• Dataset content:
────────

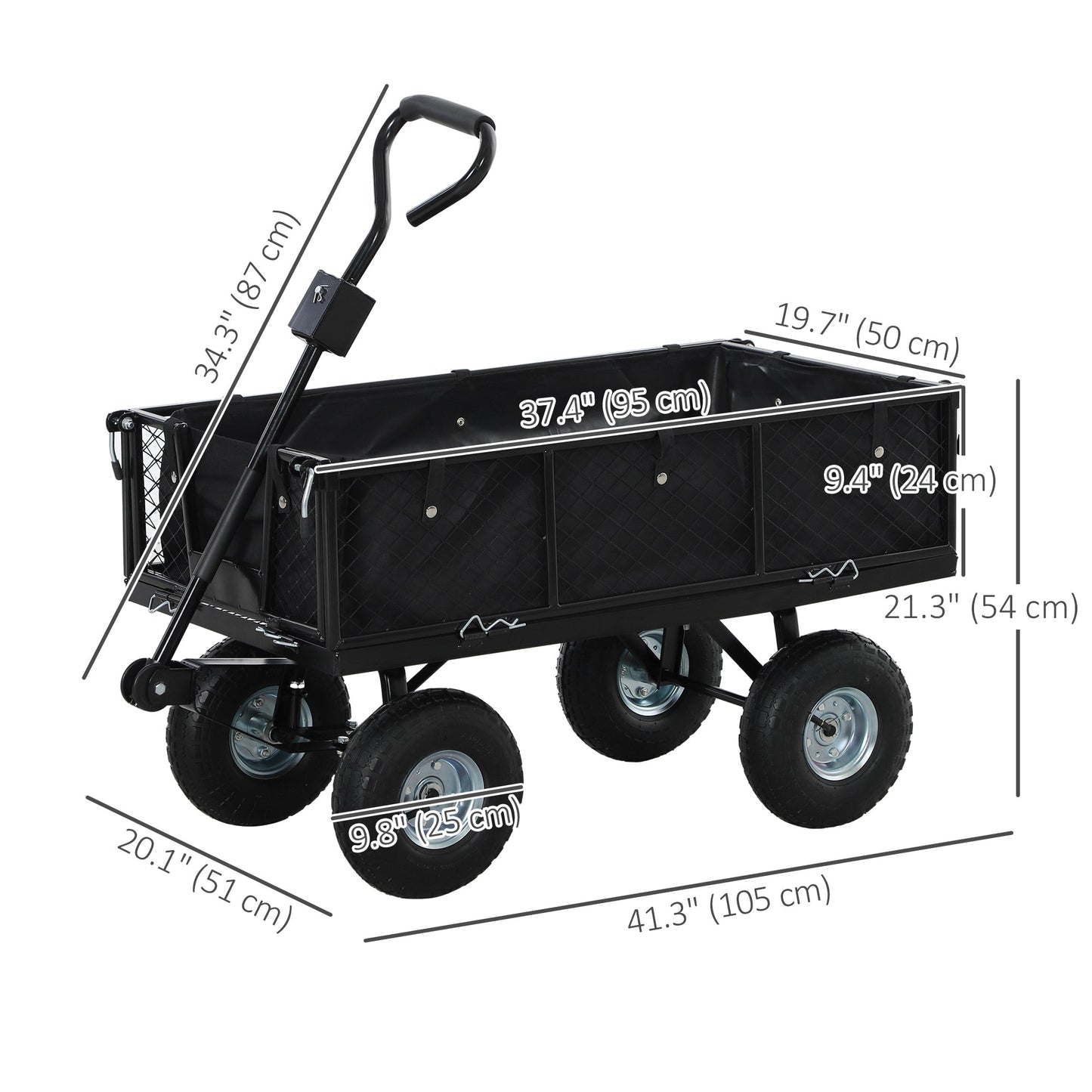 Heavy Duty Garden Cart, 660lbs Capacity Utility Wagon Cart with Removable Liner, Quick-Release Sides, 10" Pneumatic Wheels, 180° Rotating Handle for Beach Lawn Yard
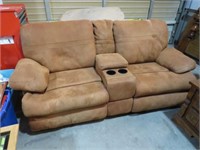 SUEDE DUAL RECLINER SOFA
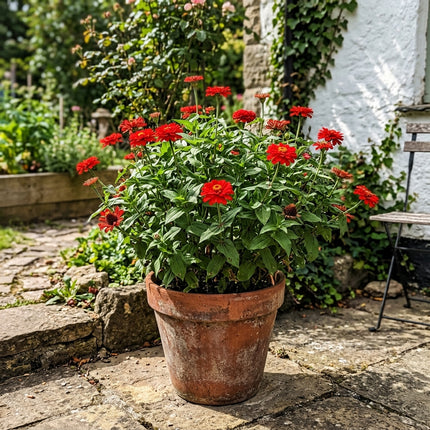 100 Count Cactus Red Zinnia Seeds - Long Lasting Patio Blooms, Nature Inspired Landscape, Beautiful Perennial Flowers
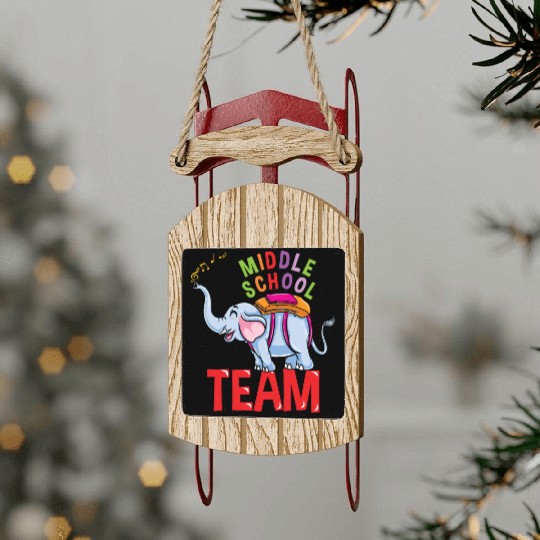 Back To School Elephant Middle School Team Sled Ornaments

────────

• Task brief:
Everything above should be given again exactly, apart from the pictures.

• Response to the task:
 Heavy Duty Garden Cart, 660lbs Capacity Utility Wagon Cart with Removable Liner, Quick-Release Sides, 10" Pneumatic Wheels, 180° Rotating Handle for Beach Lawn Yard
 SUEDE DUAL RECLINER SOFA
 100 Count Cactus Red Zinnia Seeds - Long Lasting Patio Blooms, Nature Inspired Landscape, Beautiful Perennial Flowers
 Back To School Elephant Middle School Team Sled Ornaments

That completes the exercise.